Para ilustrar melhor os benefícios dessa nova medida, imagine um professor que tenha um crédito pessoal não consignado de R$ 10 mil a ser pago em 24 meses, com parcelas mensais de R$ 789. O valor total pago, apenas com juros, ao longo de dois anos será de R$ 8.947. Se esse mesmo professor migrar seu crédito pessoal não consignado para o consignado, sua parcela cairá de R$ 789 para R$ 584, e o valor total pago de juros cairá 55%, ou seja, para R$ 4.019. Essa mudança gerará uma economia total ao trabalhador de R$ 4.927 ao longo dos 24 meses. Porém, não aceite imediatamente as primeiras propostas que forem enviadas, pois não existe garantias de que essas taxas realmente são melhores do que as praticadas no mercado. Por isso, compare as taxas oferecidas pelos bancos e, se for o caso, escolha a que conceder a melhor condição de pagamento.

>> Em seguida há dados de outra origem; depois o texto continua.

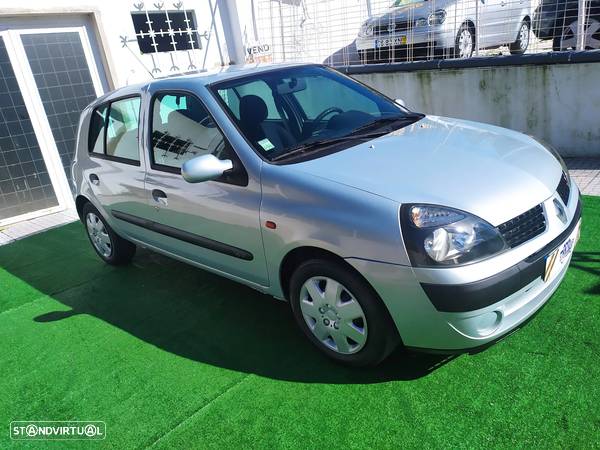 Renault Clio 1.2 16V Expression - 1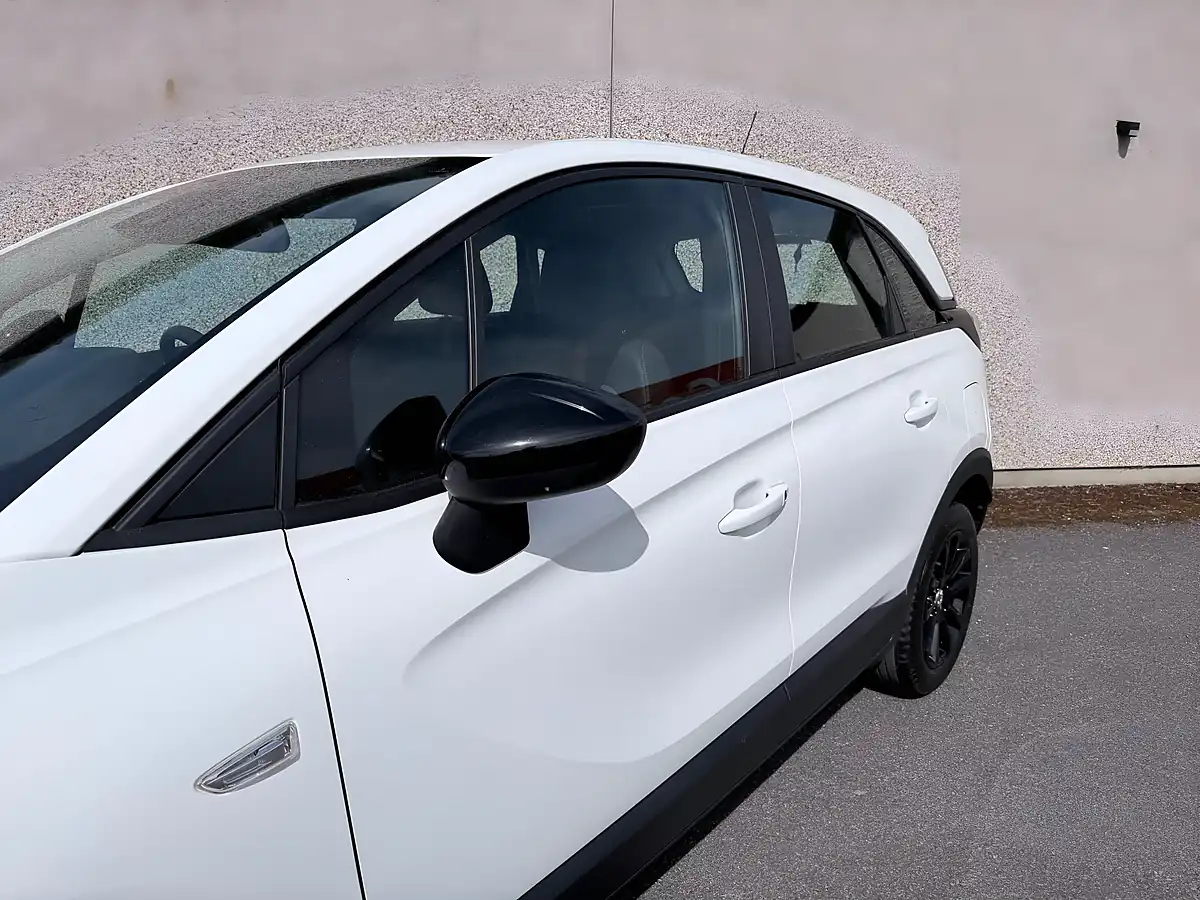 Used 2021 Vauxhall Crossland Se Nav Premium White - Interior and Exterior details 6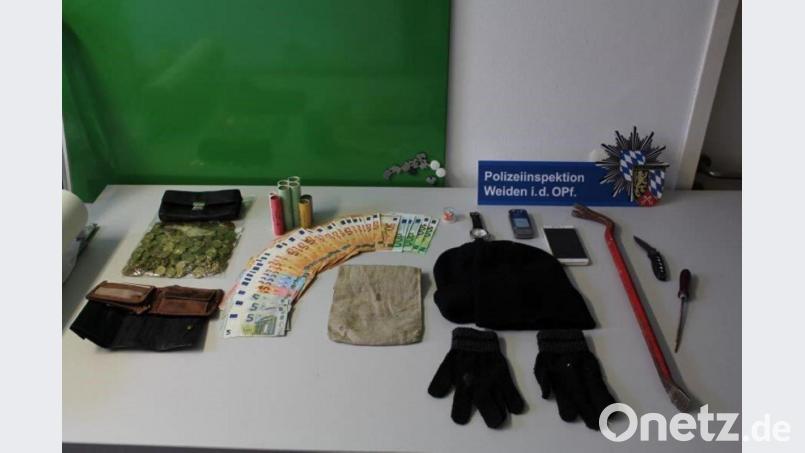 Reichlich Geld und andere Beute sowie die &quot;Ausrüstung&quot; des mutmaßlichen Serieneinbrechers stellte die Polizei Weiden sicher. Bild: exb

Quem já tem o consignado ativo pode fazer a migração para a nova linha a partir de 25 de abril de 2025. A portabilidade entre os bancos poderá ser realizada a partir de 6 de junho.
Não foi estabelecido teto de juros, mas espera-se que as informações disponibilizadas aos bancos e as garantias fornecidas criem condições para uma redução importante dos juros.

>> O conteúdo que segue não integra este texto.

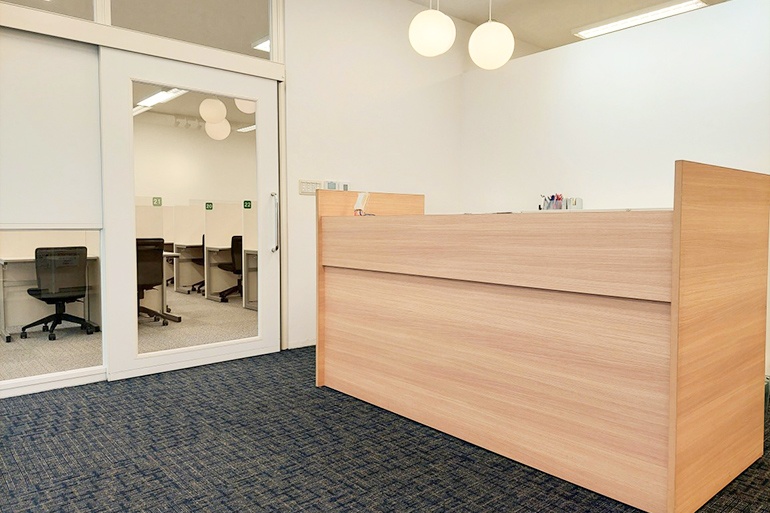 充実の学習環境:開放的な受付カウンター。ご質問・ご相談など、どんな小さなことでもお気軽にお声かけください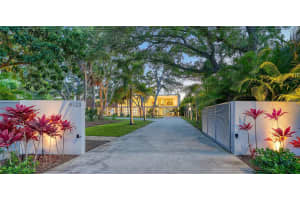 4123 BAY SHORE ROAD, SARASOTA, FL 34234 - MLS#MFRA4688729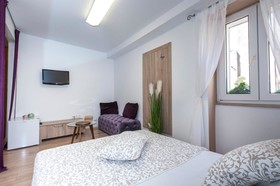 Iron Gates Apartments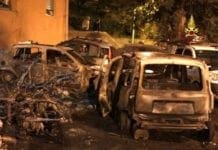 Incendio a Borgoratti, in fiamme auto e scooter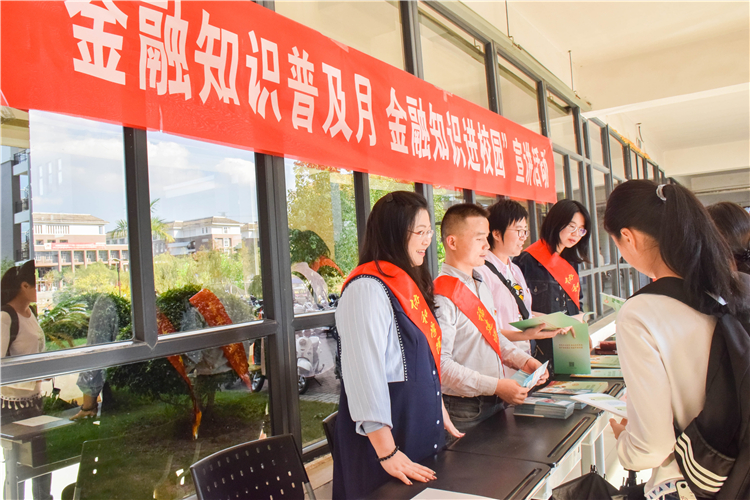 20191106 教工党员为学生分发宣传册.jpg
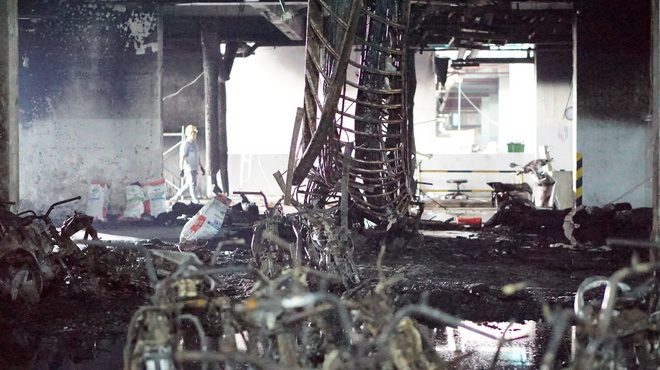 Hình ảnh xe Mercedes đắt tiền cháy nham nhở ở tầng hầm chung cư Carina 3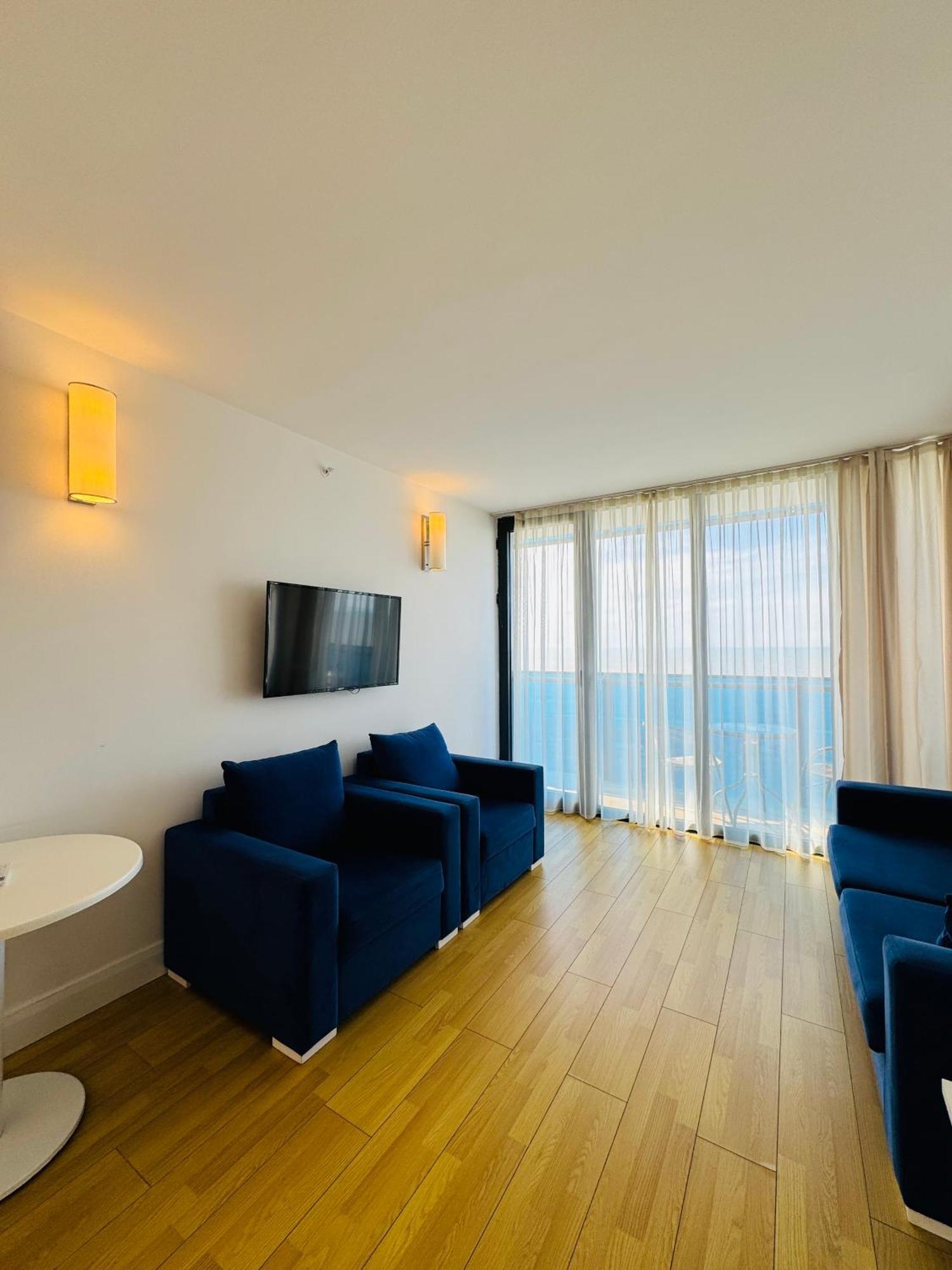 Orbi City Aparthotel Sea View Batum Dış mekan fotoğraf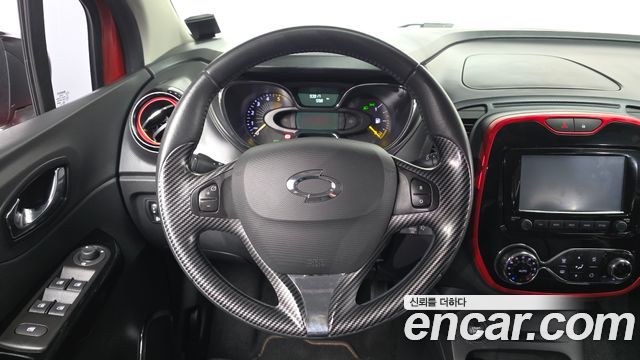 Renault Korea QM3 2015 — photo 19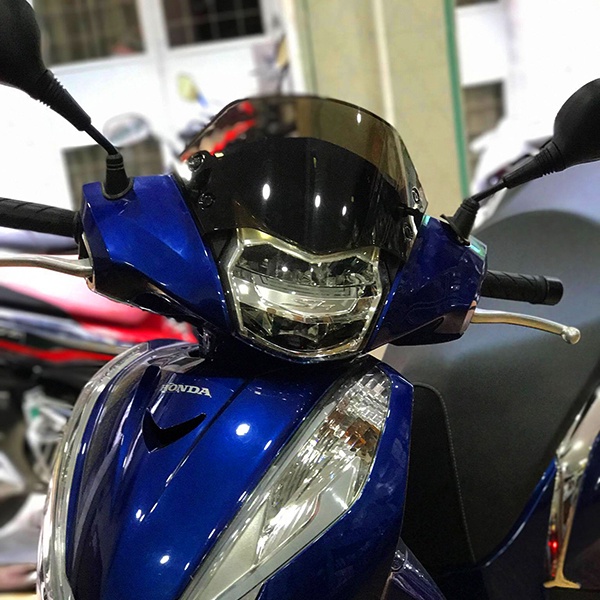 Kính chắn gió xe máy SH300I trong suốt Zhi.pat chính hãng – BH 12 Tháng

Em 20 de março de 2025, o Ministério do Trabalho e Emprego publicou a Portaria nº 435, que estabelece critérios e procedimentos operacionais para a consignação do desconto em folha de pagamento. Nessa Portaria, ficou estipulado o prazo máximo de 96 meses para o crédito consignado privado e de 144 meses no caso de empresas estatais.
Empregados domésticos e trabalhadores rurais com carteira assinada, além de assalariados de MEIs, também terão acesso ao crédito consignado privado.
A medida tem potencial de beneficiar 47 milhões de trabalhadores com carteira assinada no Brasil. Até segunda-feira, dia 1º de abril, o Crédito do Trabalhador havia liberado R$ 2,8 bilhões em empréstimos consignados para 452.445 trabalhadores. No total, foram firmados 453.494 contratos, com parcela média de R$ 349,20 e prazo médio de 18 meses. O valor médio do crédito concedido por trabalhador foi de R$ 6.240,57, segundo dados da Dataprev e repassados ao Ministério do Trabalho e Emprego.